Exercise instructions
The line containing "slide (lens cover)." and every line after it through the end of the records: return those exactly, and nothing more.

- Opening Delimiter -

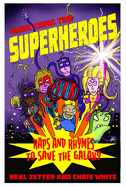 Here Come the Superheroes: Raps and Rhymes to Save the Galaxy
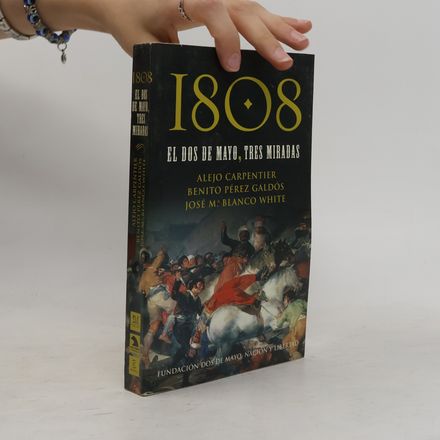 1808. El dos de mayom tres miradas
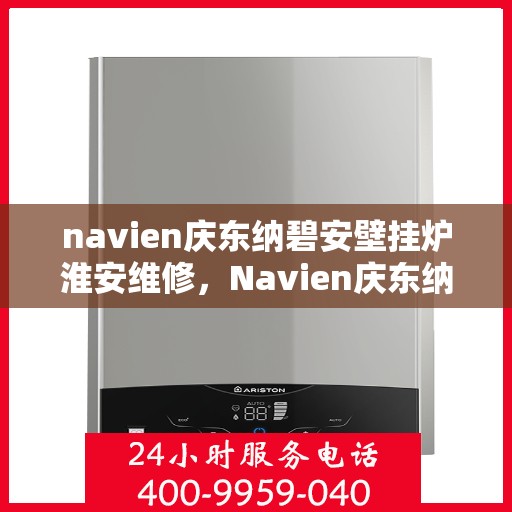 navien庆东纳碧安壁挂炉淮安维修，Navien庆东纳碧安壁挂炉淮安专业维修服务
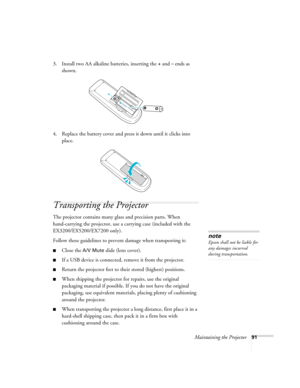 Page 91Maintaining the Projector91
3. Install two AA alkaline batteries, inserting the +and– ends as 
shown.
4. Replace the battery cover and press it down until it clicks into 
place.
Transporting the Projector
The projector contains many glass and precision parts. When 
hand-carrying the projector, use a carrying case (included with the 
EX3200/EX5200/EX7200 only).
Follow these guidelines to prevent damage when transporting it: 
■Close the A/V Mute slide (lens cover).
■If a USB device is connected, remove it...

- Closing Delimiter -

Exercise solution
■Close the A/V Mute slide (lens cover).
■If a USB device is connected, remove it...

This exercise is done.